Directions for this task ▸ Every record must appear in your reply exactly as written.

Entries supplied section start

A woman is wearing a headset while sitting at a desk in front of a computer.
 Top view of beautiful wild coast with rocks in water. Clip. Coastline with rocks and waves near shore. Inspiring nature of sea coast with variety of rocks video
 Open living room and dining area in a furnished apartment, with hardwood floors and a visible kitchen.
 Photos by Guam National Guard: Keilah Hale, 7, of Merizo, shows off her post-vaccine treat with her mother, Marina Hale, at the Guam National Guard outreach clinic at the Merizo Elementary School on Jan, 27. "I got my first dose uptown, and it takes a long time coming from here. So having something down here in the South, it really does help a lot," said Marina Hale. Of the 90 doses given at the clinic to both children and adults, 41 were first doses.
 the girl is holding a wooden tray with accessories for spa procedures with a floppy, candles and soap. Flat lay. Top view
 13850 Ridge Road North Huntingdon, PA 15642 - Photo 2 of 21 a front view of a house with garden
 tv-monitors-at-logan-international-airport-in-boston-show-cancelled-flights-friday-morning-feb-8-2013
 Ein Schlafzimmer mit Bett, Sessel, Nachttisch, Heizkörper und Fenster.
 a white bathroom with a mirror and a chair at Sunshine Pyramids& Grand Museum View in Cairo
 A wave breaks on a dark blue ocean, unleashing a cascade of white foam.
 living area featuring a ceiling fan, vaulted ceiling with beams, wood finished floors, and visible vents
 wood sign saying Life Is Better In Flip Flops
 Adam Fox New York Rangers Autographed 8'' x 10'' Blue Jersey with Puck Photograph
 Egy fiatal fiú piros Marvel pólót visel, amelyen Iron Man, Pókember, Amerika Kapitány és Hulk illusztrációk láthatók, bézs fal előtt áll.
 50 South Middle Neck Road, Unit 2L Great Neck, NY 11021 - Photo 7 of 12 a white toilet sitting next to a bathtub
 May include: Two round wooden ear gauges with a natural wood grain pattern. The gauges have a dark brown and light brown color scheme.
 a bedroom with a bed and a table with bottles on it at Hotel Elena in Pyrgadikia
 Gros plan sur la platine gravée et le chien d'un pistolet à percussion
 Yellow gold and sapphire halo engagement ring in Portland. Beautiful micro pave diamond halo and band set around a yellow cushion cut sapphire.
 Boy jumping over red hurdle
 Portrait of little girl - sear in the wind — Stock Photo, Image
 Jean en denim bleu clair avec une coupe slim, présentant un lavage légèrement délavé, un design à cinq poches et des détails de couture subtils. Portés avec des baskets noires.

Entries supplied section end

Response ▸
A woman is wearing a headset while sitting at a desk in front of a computer.
 Top view of beautiful wild coast with rocks in water. Clip. Coastline with rocks and waves near shore. Inspiring nature of sea coast with variety of rocks video
 Open living room and dining area in a furnished apartment, with hardwood floors and a visible kitchen.
 Photos by Guam National Guard: Keilah Hale, 7, of Merizo, shows off her post-vaccine treat with her mother, Marina Hale, at the Guam National Guard outreach clinic at the Merizo Elementary School on Jan, 27. "I got my first dose uptown, and it takes a long time coming from here. So having something down here in the South, it really does help a lot," said Marina Hale. Of the 90 doses given at the clinic to both children and adults, 41 were first doses.
 the girl is holding a wooden tray with accessories for spa procedures with a floppy, candles and soap. Flat lay. Top view
 13850 Ridge Road North Huntingdon, PA 15642 - Photo 2 of 21 a front view of a house with garden
 tv-monitors-at-logan-international-airport-in-boston-show-cancelled-flights-friday-morning-feb-8-2013
 Ein Schlafzimmer mit Bett, Sessel, Nachttisch, Heizkörper und Fenster.
 a white bathroom with a mirror and a chair at Sunshine Pyramids& Grand Museum View in Cairo
 A wave breaks on a dark blue ocean, unleashing a cascade of white foam.
 living area featuring a ceiling fan, vaulted ceiling with beams, wood finished floors, and visible vents
 wood sign saying Life Is Better In Flip Flops
 Adam Fox New York Rangers Autographed 8'' x 10'' Blue Jersey with Puck Photograph
 Egy fiatal fiú piros Marvel pólót visel, amelyen Iron Man, Pókember, Amerika Kapitány és Hulk illusztrációk láthatók, bézs fal előtt áll.
 50 South Middle Neck Road, Unit 2L Great Neck, NY 11021 - Photo 7 of 12 a white toilet sitting next to a bathtub
 May include: Two round wooden ear gauges with a natural wood grain pattern. The gauges have a dark brown and light brown color scheme.
 a bedroom with a bed and a table with bottles on it at Hotel Elena in Pyrgadikia
 Gros plan sur la platine gravée et le chien d'un pistolet à percussion
 Yellow gold and sapphire halo engagement ring in Portland. Beautiful micro pave diamond halo and band set around a yellow cushion cut sapphire.
 Boy jumping over red hurdle
 Portrait of little girl - sear in the wind — Stock Photo, Image
 Jean en denim bleu clair avec une coupe slim, présentant un lavage légèrement délavé, un design à cinq poches et des détails de couture subtils. Portés avec des baskets noires.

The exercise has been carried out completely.